The Company operates its own LEO satellite network and accompanying ground equipment, including fifteen gateway earth stations, three AIS data reception earth stations, and three regional gateway control centers. The Company’s proprietary satellite-based communications system is typically characterized by high initial capital expenditures and relatively low marginal costs for providing service. The Company resells network connectivity for two other satellite networks and seven terrestrial network partners. Reselling network connectivity typically involves a cost for each device connected to the network system and the amount paid to each provider will vary. Costs of services is comprised of expenses to operate the Company’s network, such as payroll and related costs, including stock-based compensation, and usage fees to third-party networks.

The Company mostly sells M2M and IoT telematics devices and modems that the Company designs and builds with contract manufacturers. Costs of products includes the purchase price of subscriber communicators and SIMS sold, costs of warranty obligations, shipping charges, as well as operational costs of the Company’s employees and inventory management to fulfill customer orders.

Foreign currency translation

Foreign currency translation

The Company has foreign operations where the functional currency is the local currency. For these operations, assets and liabilities are translated using end-of-period exchange rates and revenues, expenses and cash flows are translated using average rates of exchange. Equity is translated at the rate of exchange at the date of the equity transaction. Translation adjustments are recognized in stockholders’ equity as a component of accumulated other comprehensive income (loss). Foreign currency transaction gains and losses related to assets and liabilities that are denominated in a currency other than the functional currency are included in other income (expense) in the consolidated statements of operations. Foreign currency translation gains and losses related to operational expenses denominated in a currency other than the functional currency are included in SG&A in the consolidated statements of operations. For the years ended December 31, 2015 and 2014, the Company recorded a foreign currency translation gain of $413 and $207, respectively, and for the year ended December 31, 2013, the Company recorded a foreign currency translation loss of $32.

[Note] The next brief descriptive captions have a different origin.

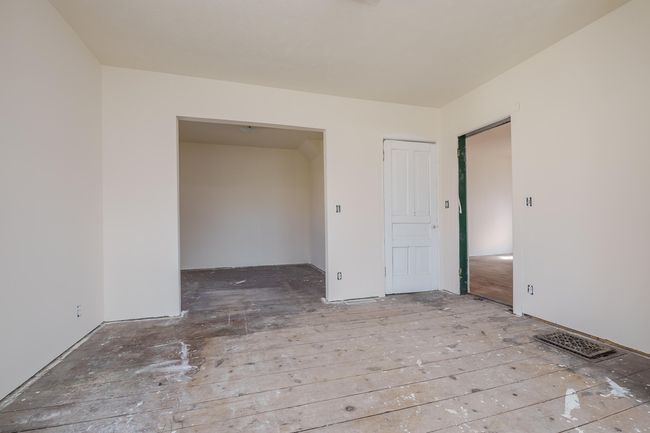 Worden Ave 328 Kalamazoo 49048-23 | Image 23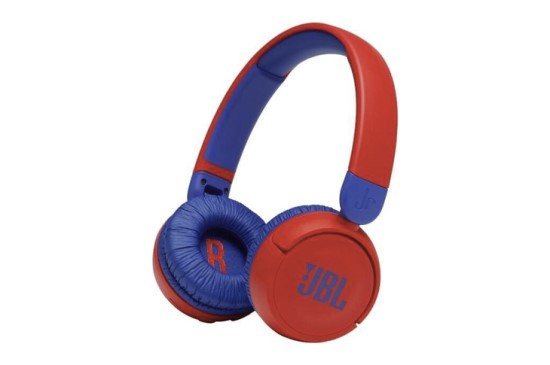 „JBL JR310BT Kids“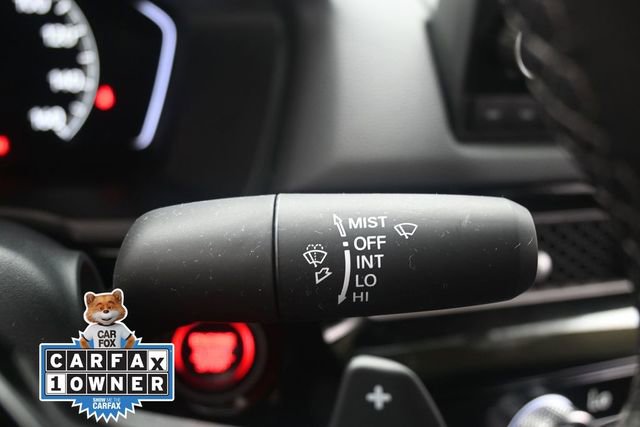 Used 2026 Honda Civic Sport image 19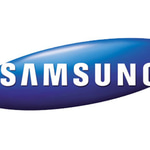 Samsung Basic Bell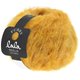 Lana Grossa FURRY (lala BERLIN) | 03-yellow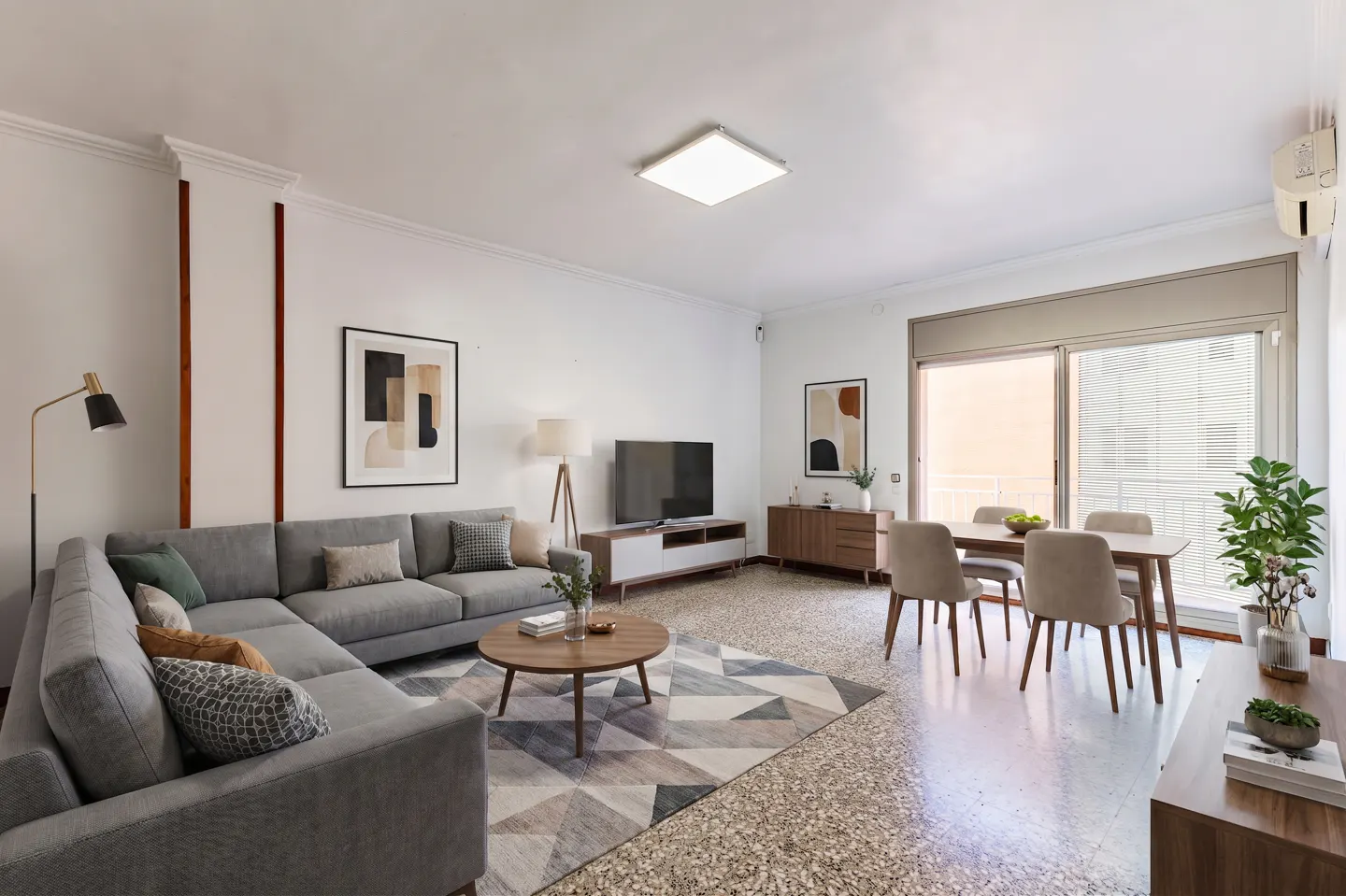 [AI-generated photo]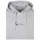 Karl Kani Hoodie Grau XL
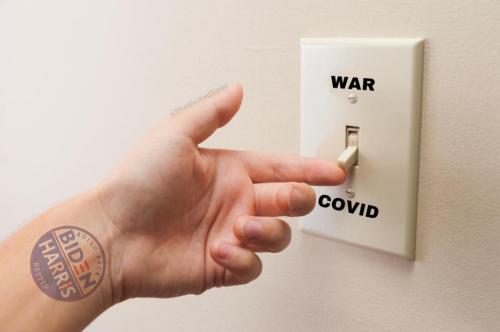 275170459_1054102622128951_2210652522664337575_n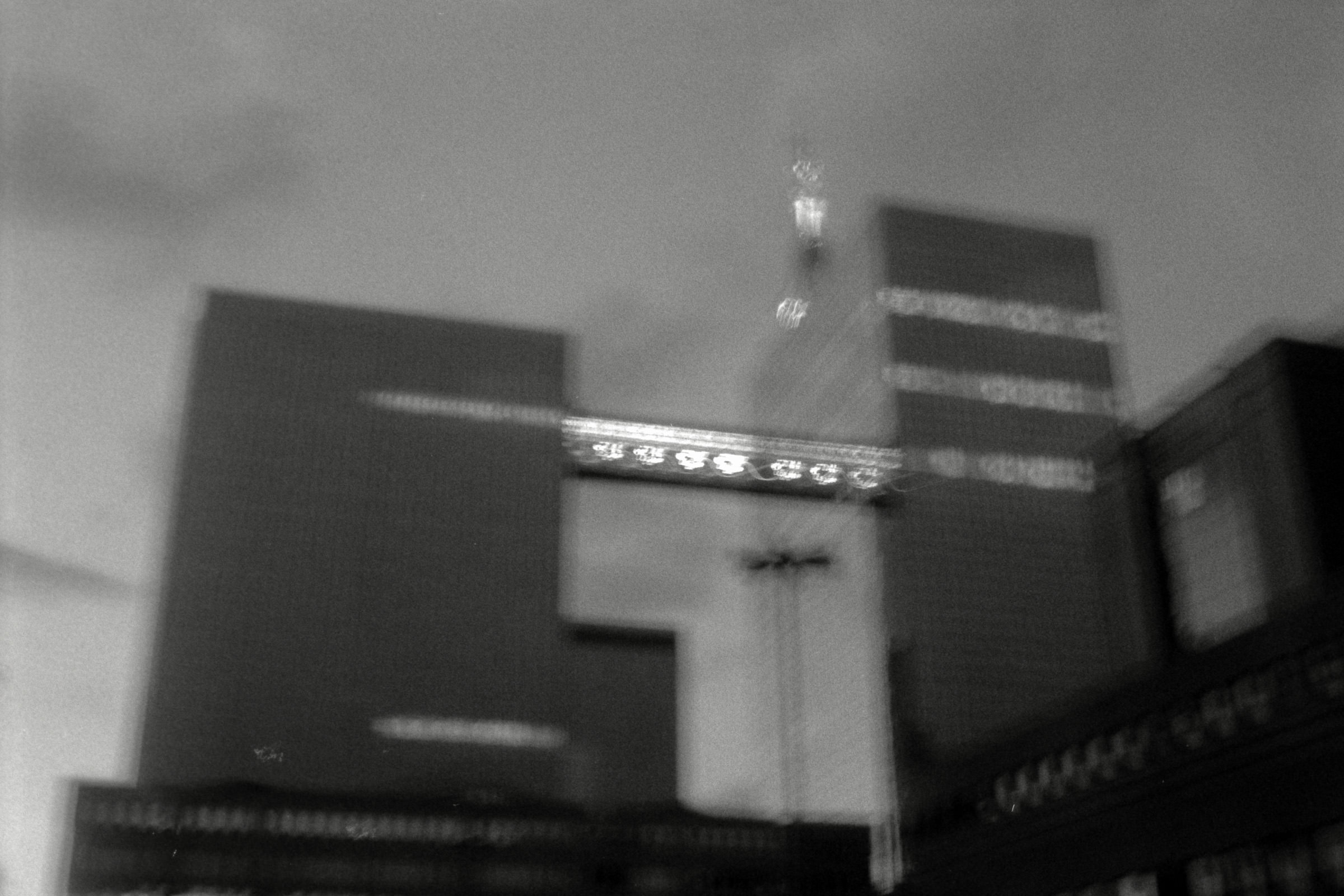 AHP F1998 05 002 sc240815 img32 NLP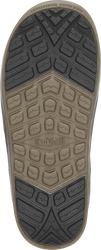Bocanci de Snowboard Thirty Two Lashed  Double Boa Black/Gum - 2025/26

Fair value of financial instruments

Fair value of financial instruments

The Company has no financial assets or liabilities that are measured at fair value on a recurring basis. However, if certain triggering events occur the Company is required to evaluate the non-financial assets for impairment and any resulting asset impairment would require that a non-financial asset be recorded at the fair value. FASB ASC Topic 820 “Fair Value Measurement Disclosure”, prioritizes inputs used in measuring fair value into a hierarchy of three levels: Level 1- unadjusted quoted prices for identical assets or liabilities traded in active markets, Level 2- inputs other than quoted prices included within Level 1 that are either directly or indirectly observable; and Level 3- unobservable inputs in which little or no market activity exists, therefore requiring an entity to develop its own assumptions that market participants would use in pricing. The carrying value of the Company’s financial instruments, including cash, restricted cash, accounts receivable and accounts payable approximated their fair value due to the short-term nature of these items. The carrying value of the Company’s Secured Credit Facilities approximated its fair value due to the recent issuance and variable interest rate. The fair value of the Note payable-related party is de minimis.

Cash and cash equivalents

Cash and cash equivalents

The Company considers all liquid investments with original maturities of three months or less, at the time of purchase, to be cash equivalents. At December 31, 2015, the Company had a cash balance of $27,077.

Cash held for acquisition

Cash held for acquisition

At December 31, 2014, the Company had $123,000 designated as cash held for acquisition, of which $122,500 was used to fund the SkyWave Acquisition in January 2015, and $500 was used towards working capital adjustments, pursuant to the working capital settlement arrangement as described in “Note 3 – Acquisitions.”

Concentration of risk

Concentration of risk

The Company’s customers are primarily commercial organizations. Accounts receivable are generally unsecured.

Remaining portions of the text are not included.